■ **YOUR INSTRUCTIONS**:
Could you restate the data below word for word, without its pictures?

--- THE DATA ---

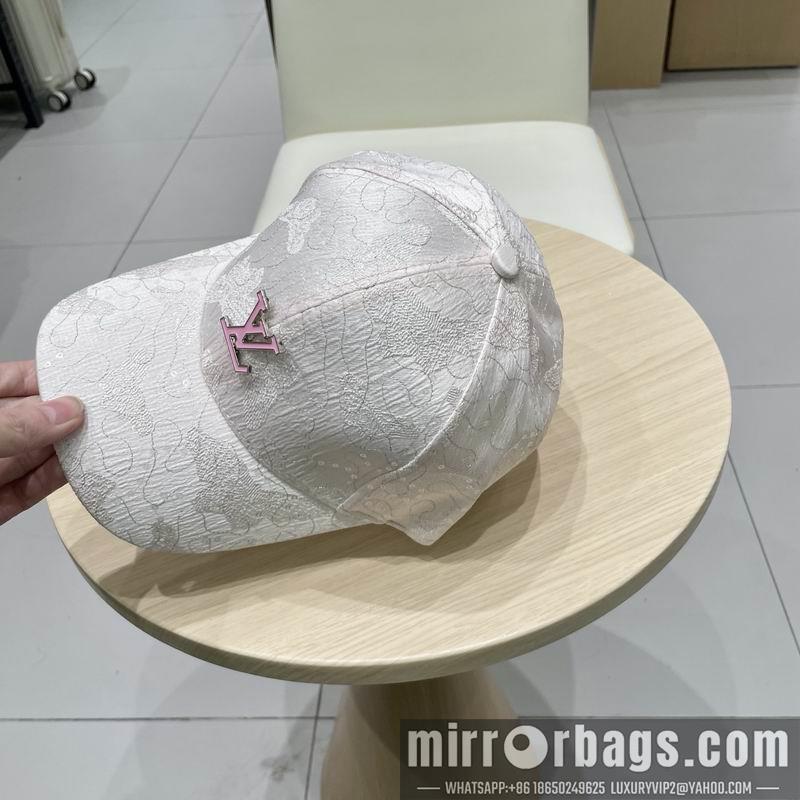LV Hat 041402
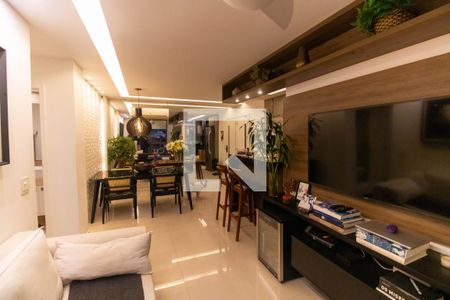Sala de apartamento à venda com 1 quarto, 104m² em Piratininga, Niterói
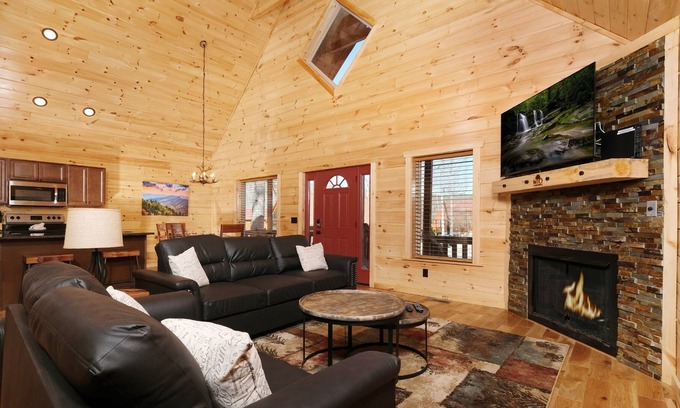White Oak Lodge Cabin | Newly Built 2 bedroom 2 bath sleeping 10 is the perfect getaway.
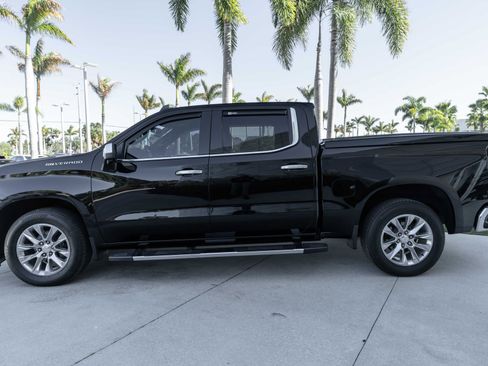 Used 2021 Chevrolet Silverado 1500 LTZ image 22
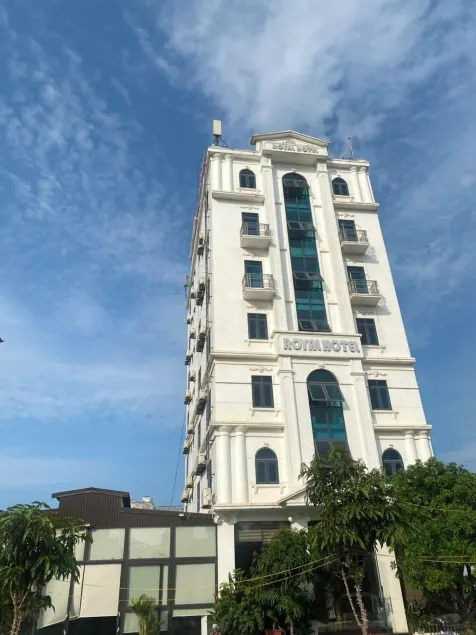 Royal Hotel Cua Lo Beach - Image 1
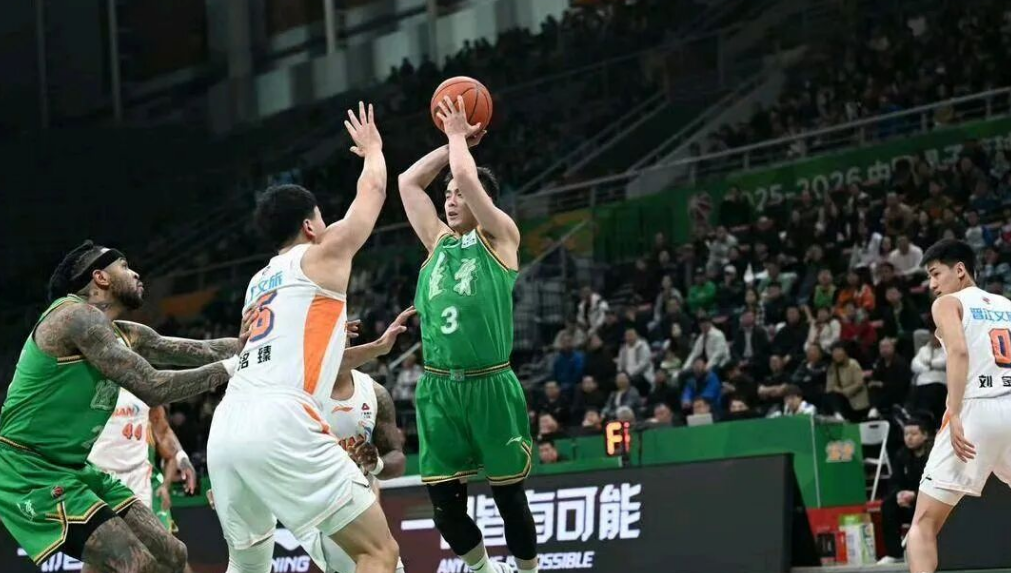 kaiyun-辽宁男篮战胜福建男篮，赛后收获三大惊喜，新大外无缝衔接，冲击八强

---

■ **ANSWER SPACE**:
LV Hat 041402
Sala de apartamento à venda com 1 quarto, 104m² em Piratininga, Niterói
White Oak Lodge Cabin | Newly Built 2 bedroom 2 bath sleeping 10 is the perfect getaway.
 Used 2021 Chevrolet Silverado 1500 LTZ image 22
 Royal Hotel Cua Lo Beach - Image 1
 kaiyun-辽宁男篮战胜福建男篮，赛后收获三大惊喜，新大外无缝衔接，冲击八强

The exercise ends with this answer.